Recensione Narrativa: QUEL CONVENTO NELLA FORESTA NERA di Antonio Di Pierro (alias Jeremy Selenius).



Autore: Antonio Di Pierro (sotto lo pseudonimo di Jeremy Selenius).
Genere: Horror / Erotico.
Anno: 1973.
Edizione: Antonio Farolfi Editore, collana I Racconti di Dracula, II Edizione, N. 061.
Pagine: 116.

Commento a cura di Matteo Mancini.
Ennesimo romanzo violentissimo e ai limiti dell'hardcore pubblicato da Antonio Di Pierro, col suo consueto pseudonimo di Jeremy Selenius. Autore giovanissimo, non ancora trentenne, Di Pierro era il nipote del barone Antonino Cantarella, il titolare della casa editrice de I Racconti di Dracula. Figlio della sorella di Cantarella, futuro impiegato in banca e infine emigrato in Australia.
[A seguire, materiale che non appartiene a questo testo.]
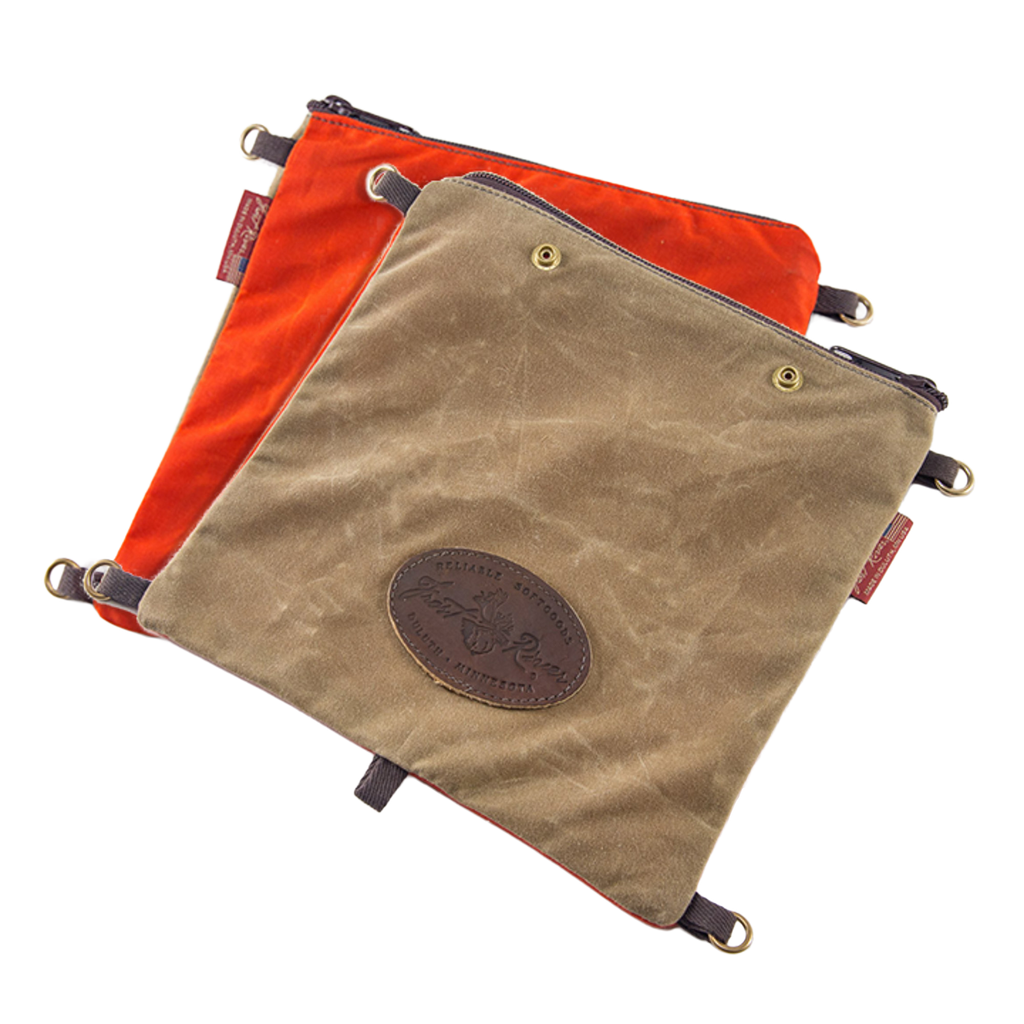 The Windigo Signal Bag is a great addition to any of our packs.  One side is made from our field tan waxed canvas and the other is made from our hunters orange waxed canvas.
Il taglio di questo autore è molto più spinto - sotto tutti i versanti - e di grana grossa rispetto ai colleghi più anziani, tutto giocato sulle infuocate erotiche (assai spinte e subito messe in scena) e sui momenti splatter, con evisceramenti, stupri e assassinii assai truci. L'intreccio è molto debole, dilatato e portato avanti a fatica, mentre lo stile narrativo è snello e immediato penalizzato da dialoghi a tratti volgari. Di Pierro ha scritto undici romanzi de I Racconti di Dracula, tra cui l'ultimo numero della serie ovvero Le Stelle di Yoshiwara (1981).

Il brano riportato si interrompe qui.